Output exactly the lines below from the one containing "PARADISE of the" to the last line, both included. Omit pictures.

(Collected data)
━━━━━━

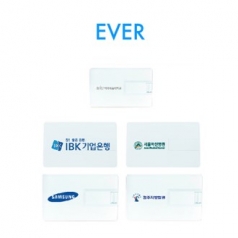유에너스 에버 카드형 USB메모리(4GB)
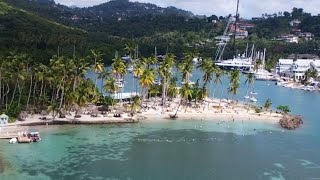 PARADISE of the BLUE LAGOON - Tranquilo Sailing Around the World Ep. 68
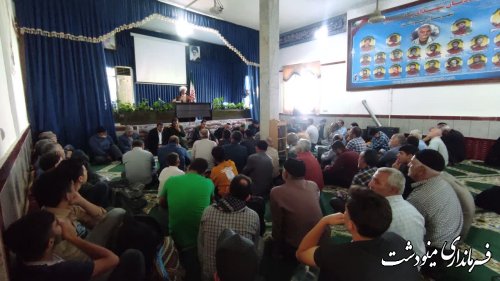 اعزام 190 نفر به مراسم سالروز ارتحال امام خمینی (ره) از شهرستان مینودشت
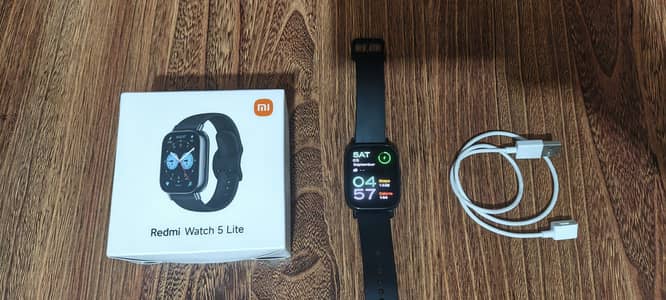 Xiaomi Redmi watch 5 lite for sale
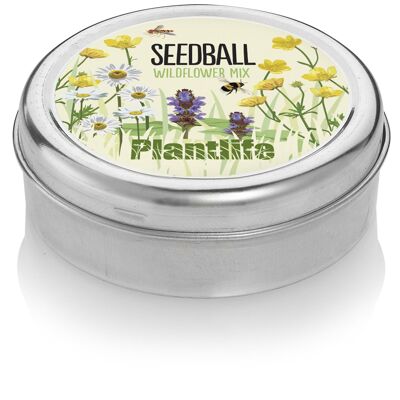 Plantlife Mix Seedball Dose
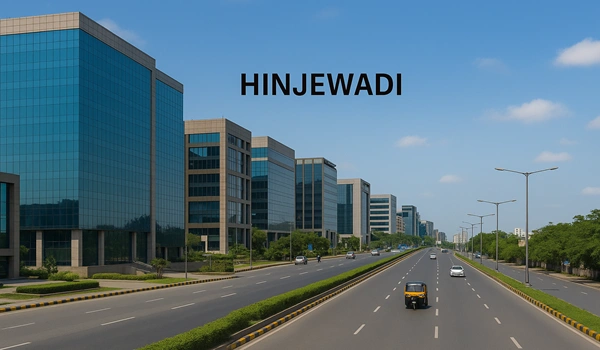 Krisala Della Racecourse Township Hinjewadi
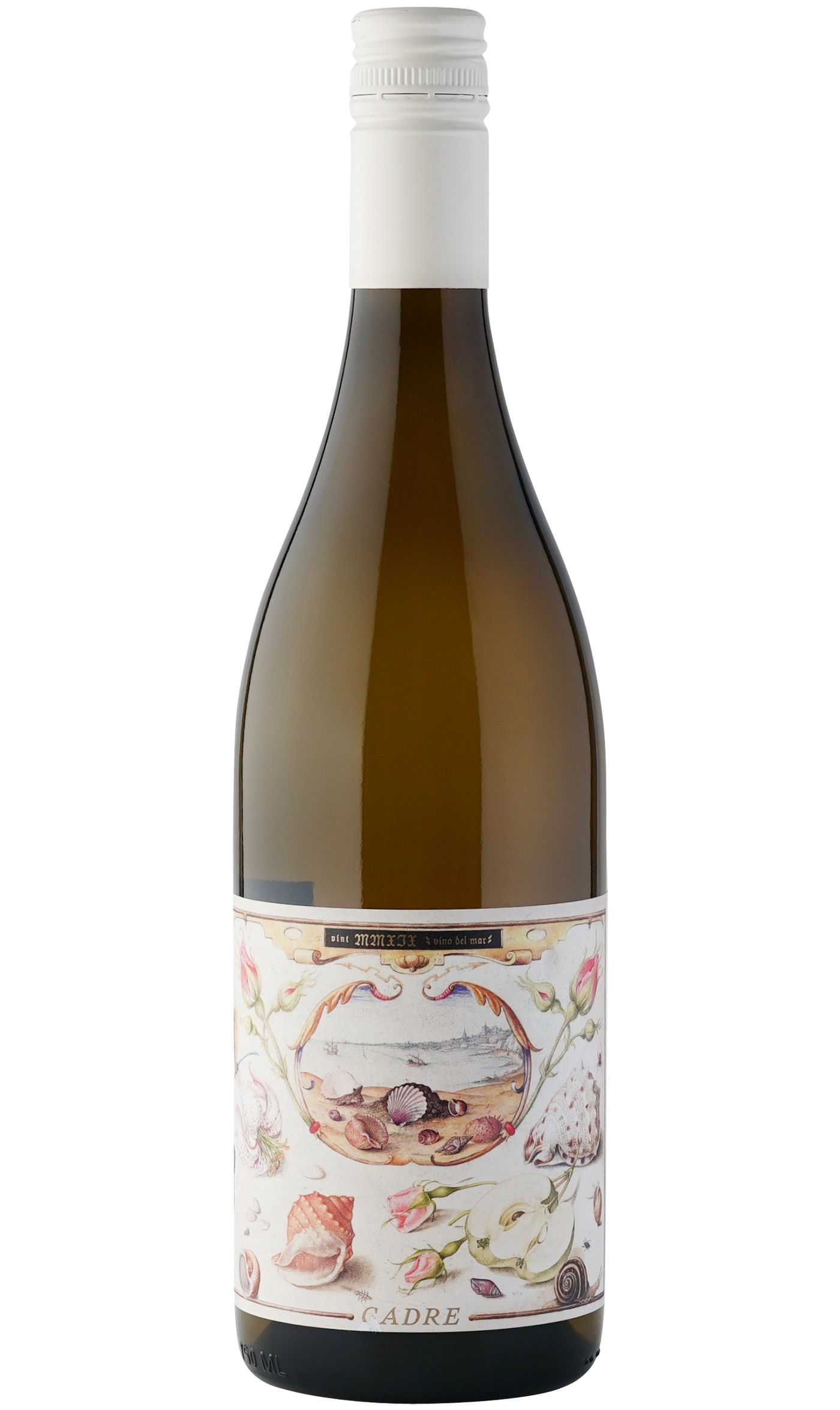 Cadre Sea Queen Albarino 2023  Front Bottle Shot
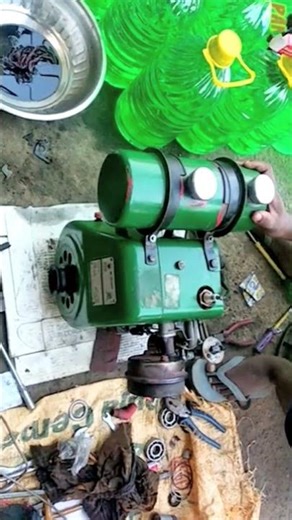 mk12 vibrator engine start #youtubeshorts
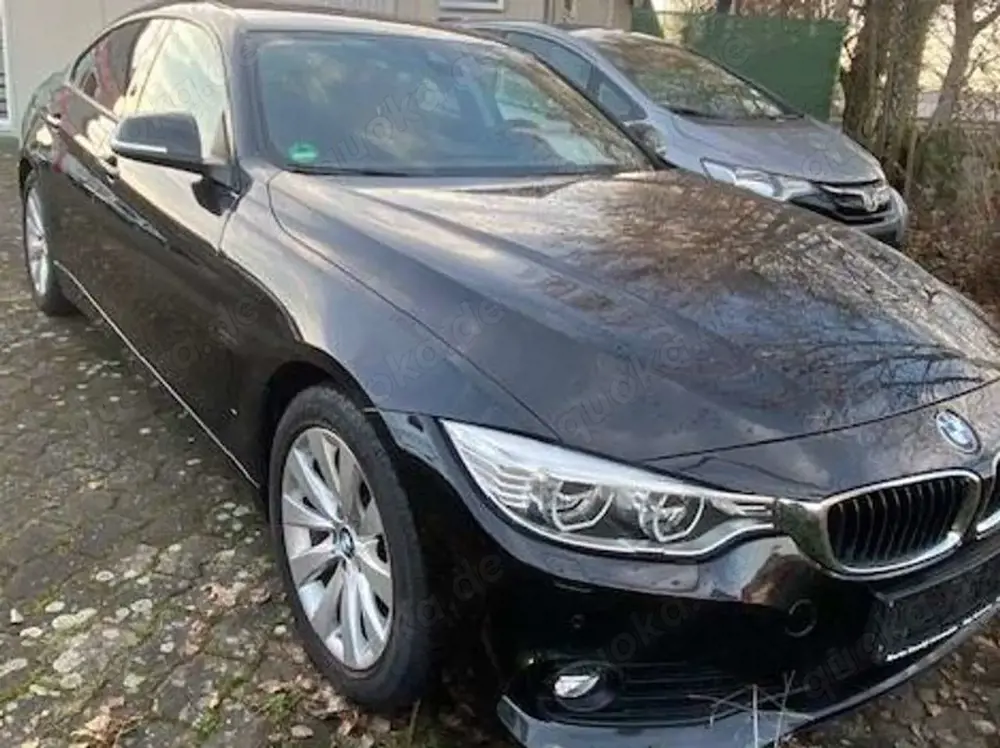 BMW 420 420 d Grand Coupe (Austauschmotor 55000km)
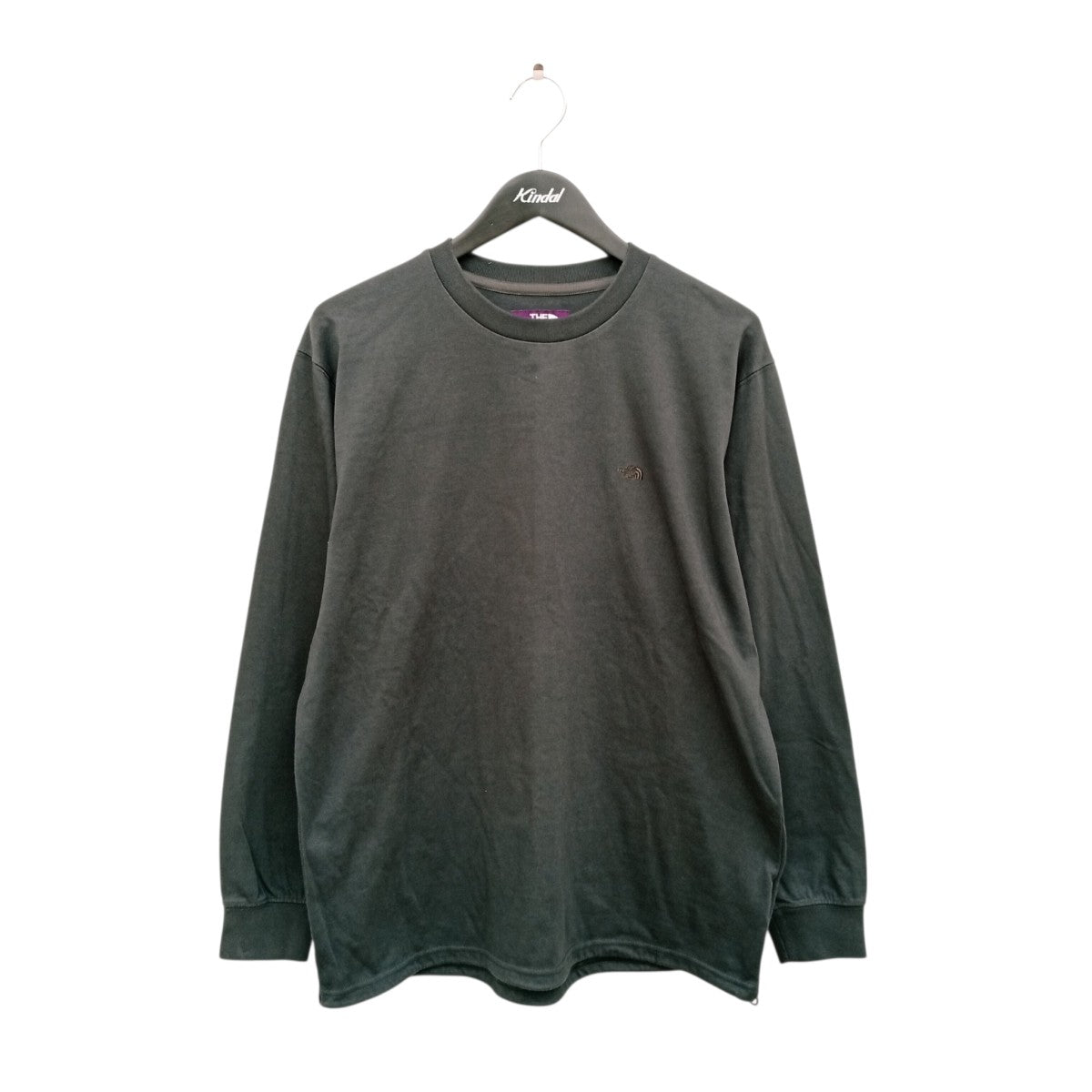 THE NORTHFACE PURPLELABEL ロングスリーブカットソーN25SH088 古着・中古-1枚目のアイテム画像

━━━━━━

## Solution for this exercise
 PARADISE of the BLUE LAGOON - Tranquilo Sailing Around the World Ep. 68
 اعزام 190 نفر به مراسم سالروز ارتحال امام خمینی (ره) از شهرستان مینودشت
 Xiaomi Redmi watch 5 lite for sale
 Plantlife Mix Seedball Dose
 Krisala Della Racecourse Township Hinjewadi
 Cadre Sea Queen Albarino 2023  Front Bottle Shot
 mk12 vibrator engine start #youtubeshorts
 BMW 420 420 d Grand Coupe (Austauschmotor 55000km)
 THE NORTHFACE PURPLELABEL ロングスリーブカットソーN25SH088 古着・中古-1枚目のアイテム画像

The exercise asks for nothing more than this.